When I learned that Maurice Clemmons, the man who murdered four police officers in Tacoma on Sunday, had been shot and killed by a police officer, I was hesitant to call it a successful takedown of a criminal. I wondered if they had gotten the right man.
But that doubt was wiped away when I further read that Clemmons had been carrying a handgun from one of the officers he murdered at the time of his death. His body was also found with a gunshot wound that he had received from one of the dying officers as he fled the coffee shop.
At the risk of sounding callous, it’s the best news I’ve heard in a long while. For one, a cold-blooded killer is now off the streets; he no longer poses a threat to anyone. Second, it sent a very flagrant message to any would-be copycats: Murdering police officers is the quickest way to fulfill a death wish.

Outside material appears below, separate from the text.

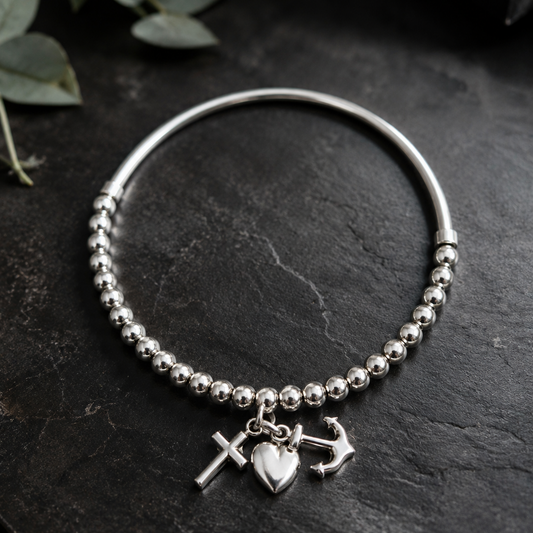 ESSENCE BRACELET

It was the best example of justice I have seen in years. The South Seattle precinct officer who took Clemmons down did it in a moral and ethical manner. Clemmons made no offer to surrender and it is evident to all that he intended to go down killing as many police officers as possible. There will be no pathetic investigations pertaining to his civil liberties being “violated.”

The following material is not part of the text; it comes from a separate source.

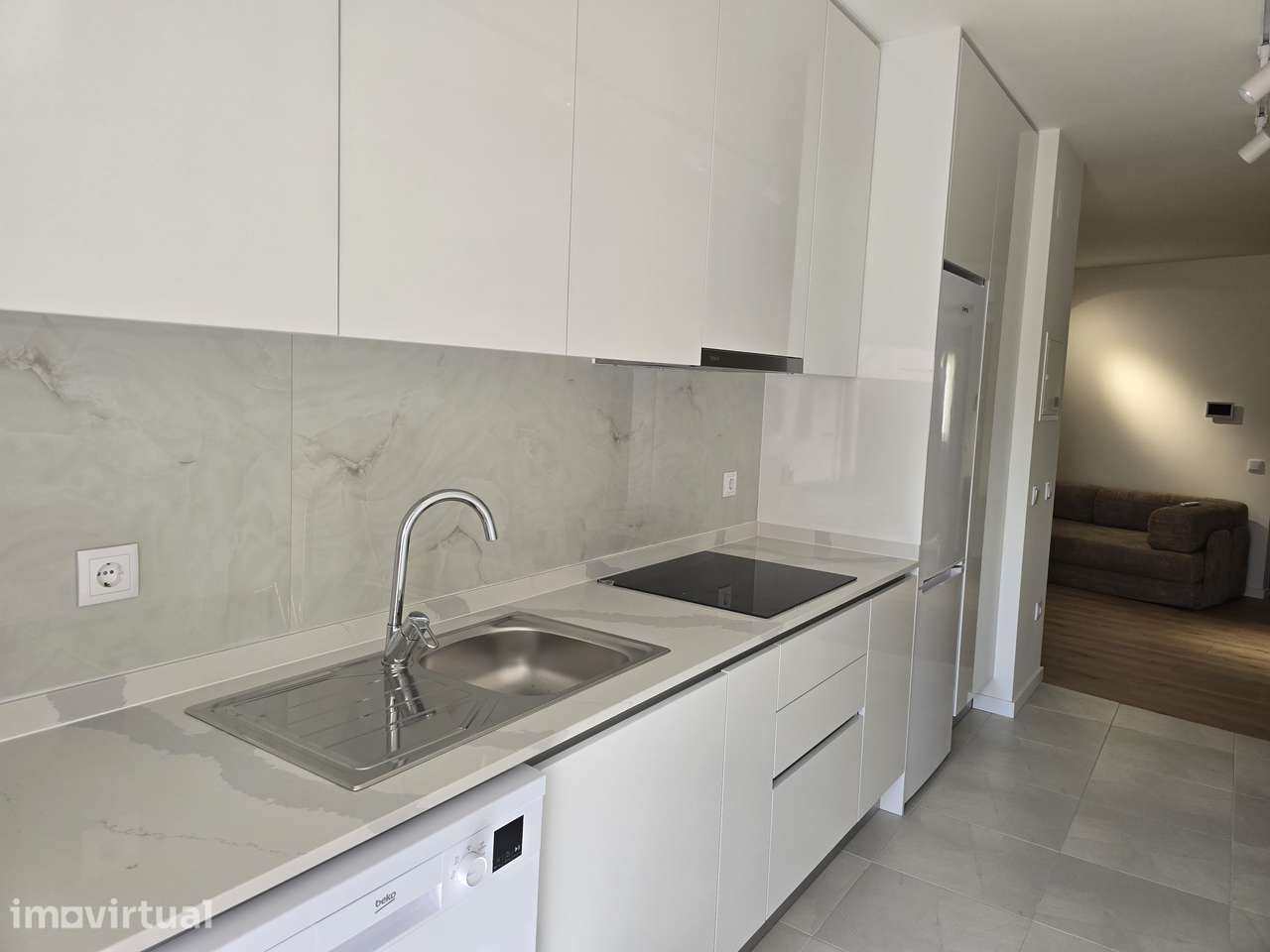 Apartamento T2 mobilado e equipado em Torres Novas, pronto a habitar - Grande imagem: 2/16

Another reason I sigh in relief is that there will not be a trial that will last several months, forcing the victims’ families to sit in the same courtroom with the man who took away their loved ones for inexplicable reasons. Taxpayers won’t be forced to cough up the dough to cover the expenses of the court, including both the prosecution and the defense; I doubt Clemmons could have afforded a lawyer.
Most importantly, Clemmons’s fate was the only one the bastard deserved. I am too pessimistic and cynical of our current justice system to believe that he would have been given the death penalty by a jury if he had been captured alive and tried. He had been tried and convicted before. Not surprisingly, his 108-year sentence was eventually commuted.
It is not ridiculous to mention the possibility of him getting off on a technicality either. As long as that man was alive, he was a potential threat. Leniency in dealing with murderous beasts has made it that way.
Individuals who commit such acts have no place in our society. It sounds bloodthirsty to insist that murderers be executed, but when retrospectively viewed, it is easy to see why. When we don’t, they manage to slip through the loopholes that are like a sieve in the justice system and more innocent people get hurt or killed. Had Clemmons been properly dealt with the first time around there would be four families that would be spending Christmas with a parent instead of attending their funeral.
Let us pray that those who harbor comparable thoughts as Clemmons’s will take his example into account before choosing to walk down the same path. While those who planned the 9/11 attacks are being treated with every courtesy of the citizen’s dollar to fund their defense, it comforts me that the people of Washington state didn’t have to do the same for a cop-killer.
Note: This is my last issue writing for The Easterner, as I am graduating. Farewell. It was fun ranting to you all, but all things must end. C’est la vie, etcétera.